Cultivating life has been important to me recently. Prior to this year of prayer, I always had some kind of project to direct my energy towards. Whether it was my research, a school project, or even planning an event for my sorority, each project usually involved some kind of problem solving (let's face it, I'm an engineer, so every project had to solve a problem). But now, my environment has changed. I'm not in school, I'm not a leader in any organizations, and I'm not working. My usual sources of projects and cultivating life are purposely not a part of this stage of my life. So I've turned to other creative endeavors like painting, dancing, and ukulele playing. But none of these physically create life. I've found that growing plants and tending flowers is filling that void for me.

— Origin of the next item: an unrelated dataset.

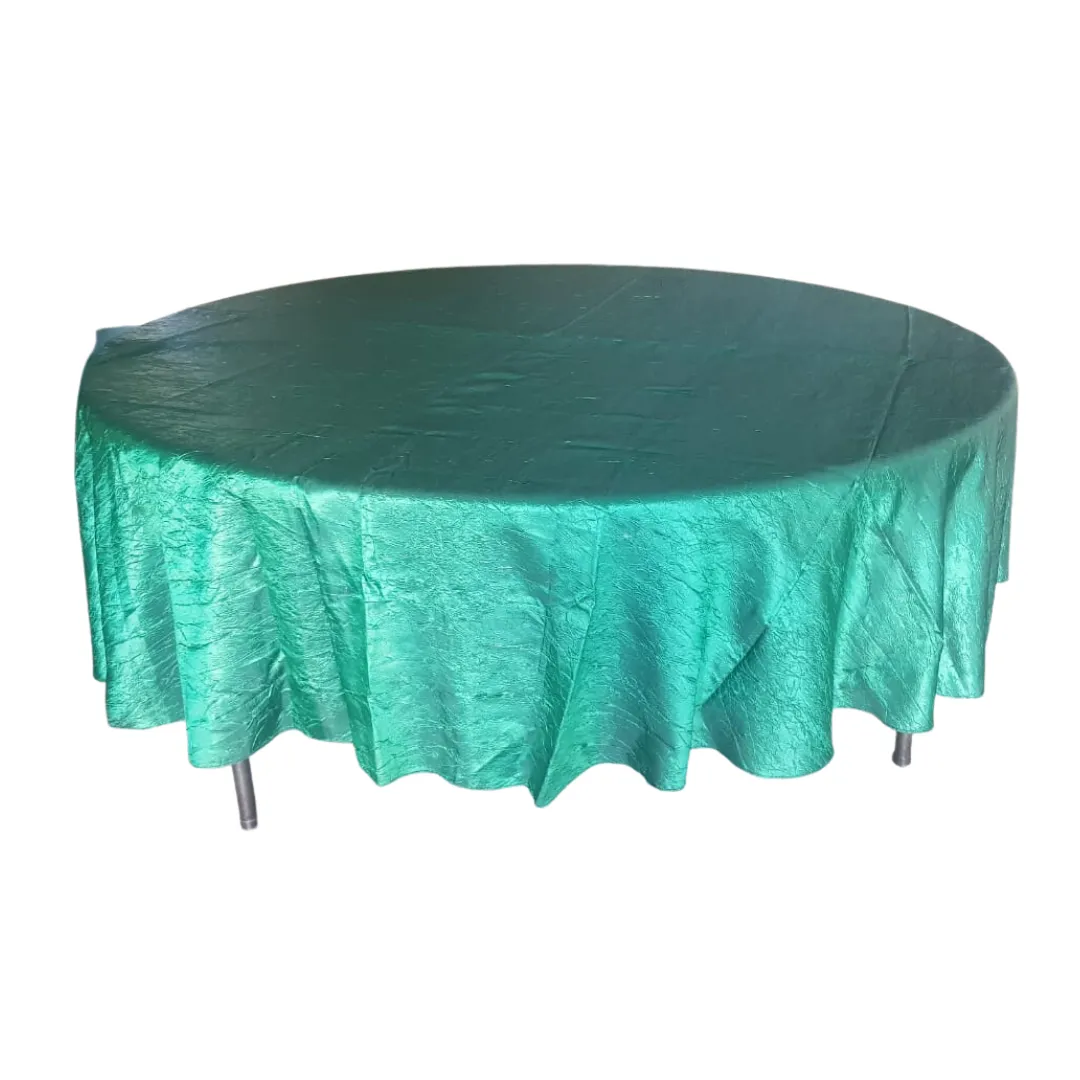 Green Round Table Cloth (Crushed)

I'm also at an age where friends are marrying and having babies. And there is a desire inside of me to create life too. Since I can't create human life, I am creating plant life and bringing beauty to our yard and home. The flowers give me something to nurture, something to be proud of. I have never spent so much time marveling at the amount of buds on a plant or how fast a shoot has grown. I'm proud and excited to show off the beauty of the flowers or the uniqueness of a new growth to the sisters. In fact, I spent most of memorial day just staring at our hydrangea which were beginning to flower. In the course of the afternoon, I memorized which buds were most open and which part of the plant flowered blue or pink. Spending time with the flowers has become a prayer. Their beauty draws me to quiet and their growth draws me to wonder.

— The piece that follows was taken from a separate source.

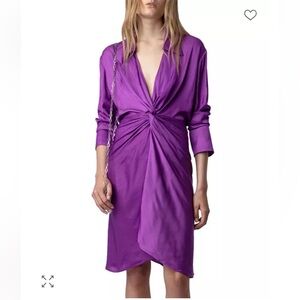 Zadig & Voltaire Rozo Twist Front Satin Dress NWT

|(a) A taste of my Mom's garden - where it all began, (b/c) the first hydrangea blooms from our backyard - watching life emerge is captivating, (d) Easter flowers in chapel bring beauty to our home.|
Now that I have time to putter in the garden, weeding and watering have become less chores and more loving care for new life. Gardening takes time, more than what it takes to water and weed. Plants speak by how they grow. We, as gardeners, need to listen. A good gardener takes the time to notice the messages flowers send through their petals and leaves. I should know, I watched my mom putter in the garden for 18 years.
Gardening is a chance to cultivate life.
Gardening is a way to care for the earth and for others.
Gardening brings color to our world.
Gardening teaches me to listen and pray.
What desires are stirring in you? How can you cultivate life? What new life is begging to be watered? What are the flowers in your life telling you, through their petals and leaves?